Here is the question of the day - does crabbiness violate zero tolerance?  The queen of crabbiness, Lucy, in the Charlie Brown comic strip, makes people smile.  So, when an opponent gives me an unasked for lesson as in, "You should have thought about cross roughing that hand" when I was down one, do you think it would make him smile if I replied, "When I decide to take lessons, I'll be sure not to call you"? 

When the opponent gets up to move to the next table and says, "We couldn't have made our five hearts.  Their six clubs was a bad sacrifice" wouldn't you think it might make them happier when I say, "If you could count your tricks, you would know you just got a bottom board"?  No smiles in either case but I felt better.

One of my opponents yesterday came to our table toward the end of the match, whining about the scarcity of good hands east/west.  She was right.  There were three slams north/south yesterday and only partial games east/west.  She admitted to being crabby.  In her case, even crabby, she is nice.  In my case, I turn into a sarcastic snarl machine.

It has always been a bridge mystery to me why opponents feel free to make comments about my game or give me lessons about what I should or should not have done.  In what other venue does that happen?  Do you think Tim Duncan, during a time out, goes to the opponents' bench to give them advice about their defense? 

 I imagine that bridge players think they are "helping".  I love the great players who say, "Would you like to know what you did wrong on that hand?"  I gratefully accept their mini lesson.  It is never the great players who, unasked, start to expound on what you should or should not have done.  It is always mediocre or poor players who do this and they are often wrong. 

Worse yet are those who say, "If she had led a heart we would have been down two" or "They could have made 5 on that."    Do I want to hear that?  No.  Do I know it already? Yes.  Does it sound like gloating which I hate?  Yes.  I often say, "There is a no gloating zone around this table."  The answer is usually, "I wasn't gloating, just stating a fact".  My answer is, "Go state it somewhere else because, if I can hear it, it qualifies as gloating". 

Have I violated zero tolerance?  Have they?  Maybe Lucy can tell me when the psychiatrist is in; five cents please.

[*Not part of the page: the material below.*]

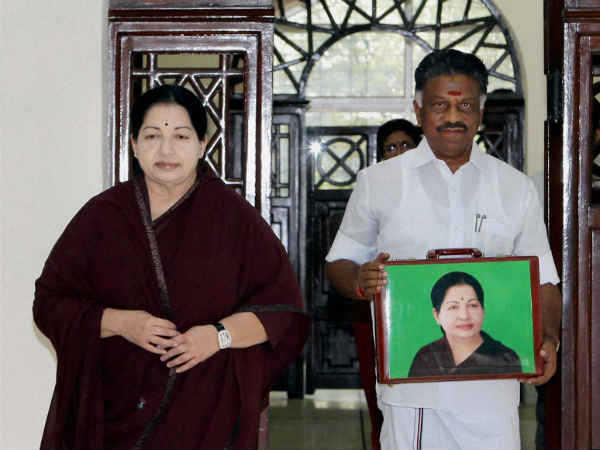 तीसरा और चौथा मोर्चा सिर्फ कागजी कल्‍पना है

Wednesday, February 1, 2012

The Bridge Clinic

Husband/partner and I have discussed hanging out a shingle in the corner of one of the clubs.  The men ask to see partner/husband after the game to talk about a variety of male related problems (think prostate) and the women often ask to speak to me to explain, in everyday terms, what the doctor has told them which they didn't understand.

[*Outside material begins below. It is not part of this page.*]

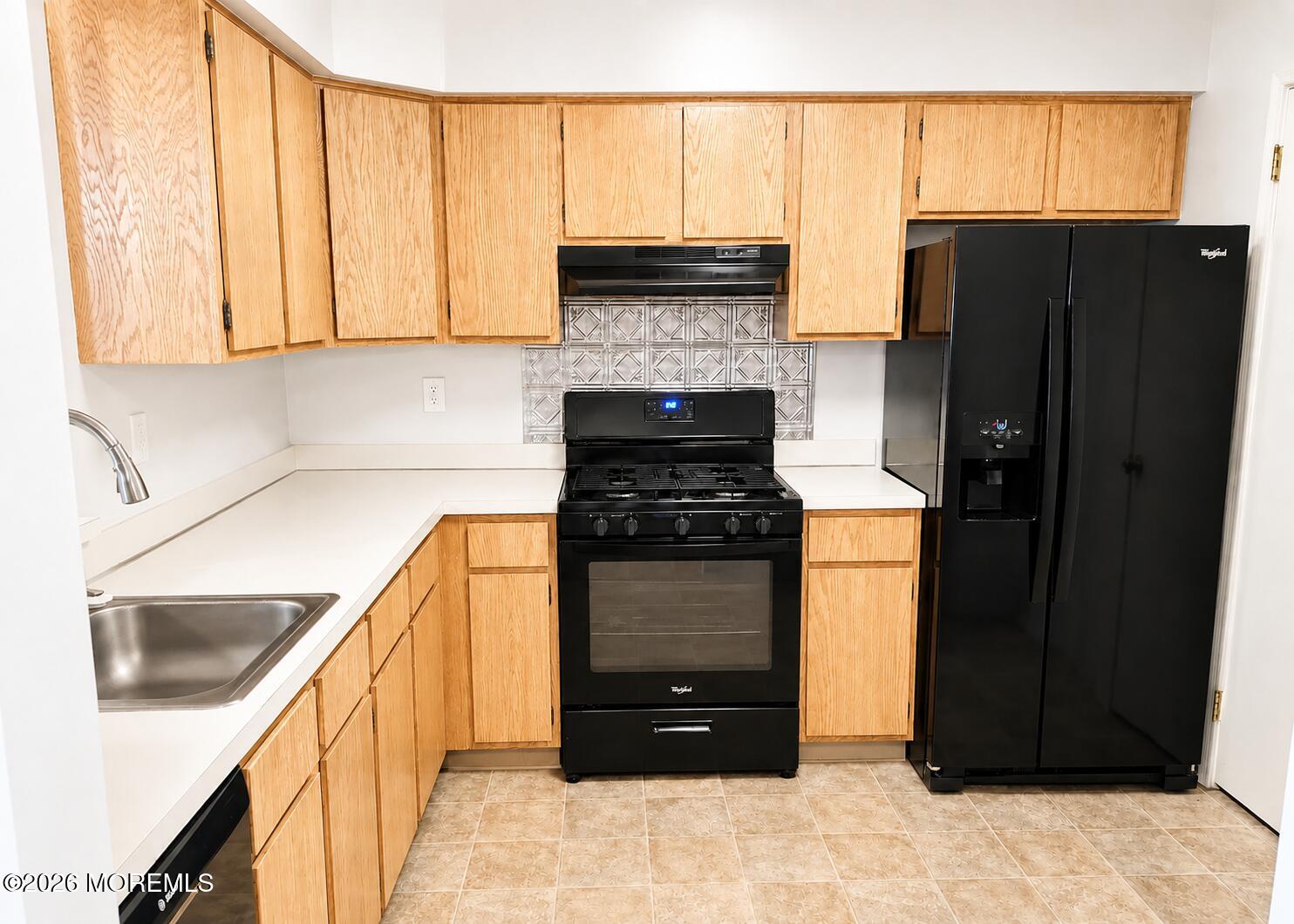 113 Dundee Court Aberdeen NJ 07747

One day, an elderly woman stopped play in the middle of the hand complaining of chest pressure.  Partner/husband attended to her and recommended that we call EMS.   She said, "It feels just like my last heart attack" and continued to finish the game, refusing any thought of EMS.  He recommended that she go to the nearest emergency room after the game.  She said, "I'm going home."  He said, "You may die on the way home."  Her answer?  "So what?"  She finally did go to an E.R. near her home where they plopped another stent into her chest and she is back playing, of course.

Another player asked me to explain why her doctor said that a cardiac ablation is more dangerous than severing the electrical connections in the heart and inserting a pacemaker.  That was an easy one, since I had that choice myself last year.

My former teacher,  Wayne, had serious heart problems and a very long recovery.  He is now back playing and winning, of course. 

Here is my point; sadly,  the bridge population is aging and with that, there seem to be more and more age related illnesses among us.  My Tuesday partner is in rehab for the foreseeable future and I miss her greatly.  I'm leaving my Tuesday's open pending her return.  I told her that everyone at the club misses her and wishes her well.  Her last words to me, as I left her hospital room, were, "Tell them I'll be back!"

I really admire the men and women who, through unbelievable adversity, come back to the game. If that is what keeps them going, then bridge is more valuable than I imagined.  I know that bridge is supposed to be good for the aging process; keeping the brain active and all of that hoo ha.  However, most of my exercise these days is playing east/west and walking table to table.   I really need to get back to working out to keep the bad stuff away as long as possible.  Oh well.  Off to Houston for the regional later today.  I hear they have a workout room at the hotel.  I wonder if I will use it?